Jenderal Besar TNI (Purn.) H. M. Soeharto, (Hanacaraka: ꦯꦸꦲꦂꦠ; IPA: /suːˈhɑːrtɔ/) (ER, EYD: Suharto; 8 Juni 1921 – 27 Januari 2008) adalah Presiden kedua Indonesia yang menjabat dari tahun 1967 sampai 1998, menggantikan Soekarno. Di dunia internasional, terutama di Dunia Barat, Soeharto sering dirujuk dengan sebutan populer "The Smiling General" (bahasa Indonesia: "Sang Jenderal yang Tersenyum") karena raut mukanya yang senantiasa tersenyum dan menunjukkan keramahan. Meski begitu, dengan berbagai kontroversi yang terjadi, ia sering juga disebut sebagai otoriter bagi yang berseberangan dengannya.[1][3][4]

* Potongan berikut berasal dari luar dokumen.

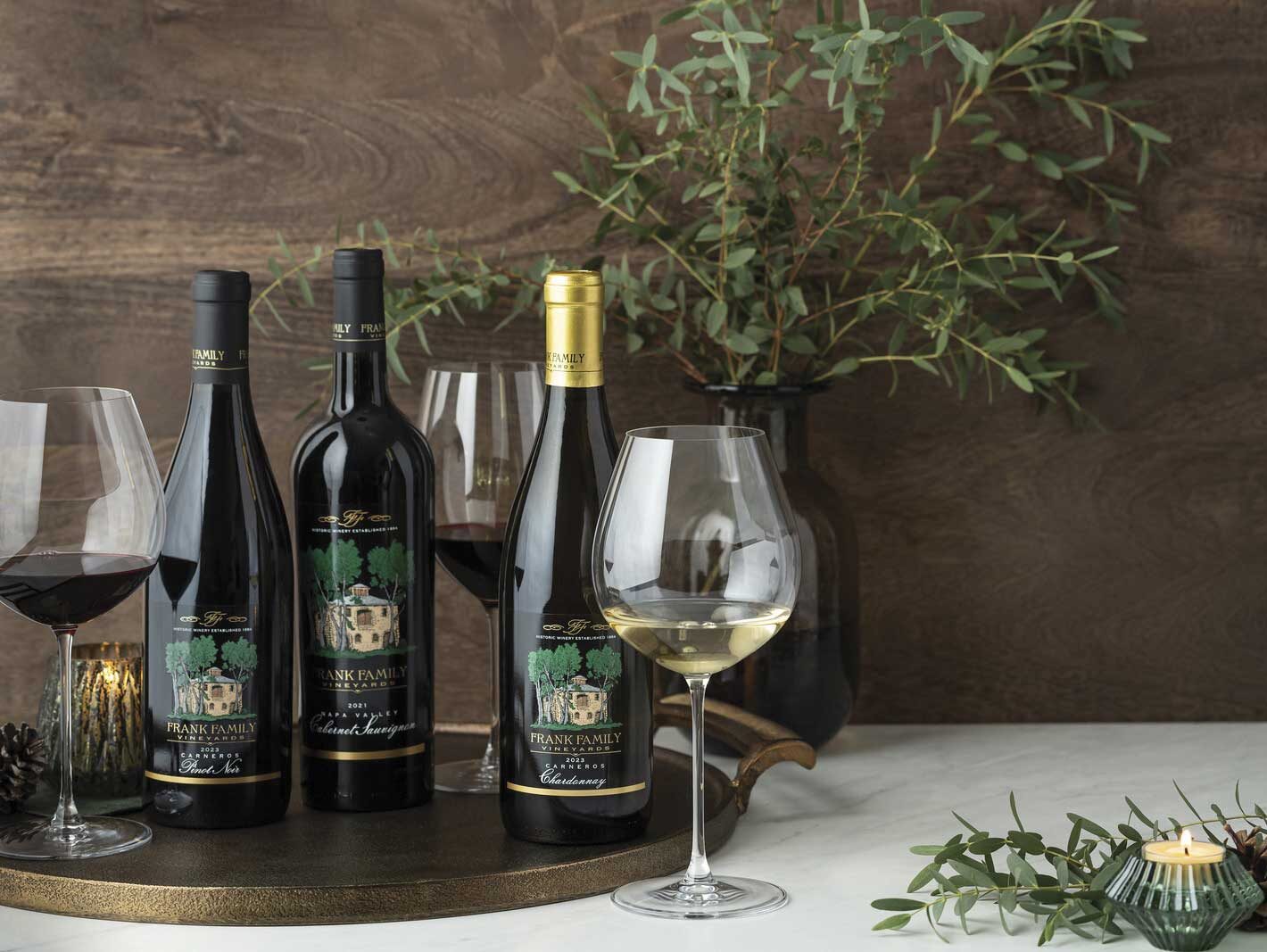 Assortment of Frank Family Vineyards wine bottles and glasses of red and white wine on white table with wooden tray and greenery with wood background for Solar sustainability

Sebelum menjadi presiden, Soeharto adalah pemimpin militer pada masa Hindia Belanda dan Kekaisaran Jepang, dengan pangkat terakhir Mayor Jenderal. Setelah Gerakan 30 September 1965, Soeharto kemudian melakukan operasi penertiban dan pengamanan atas perintah dari Presiden Soekarno, salah satu yang dilakukannya adalah dengan menumpas Gerakan 30 September dan menyatakan bahwa PKI sebagai organisasi terlarang. Berbagai kontroversi menyebut operasi ini menewaskan sekitar 100.000 hingga 2 juta jiwa, namun jumlah ini patut dipertanyakan karena korban dari Gerakan 30 September juga banyak.[5][6]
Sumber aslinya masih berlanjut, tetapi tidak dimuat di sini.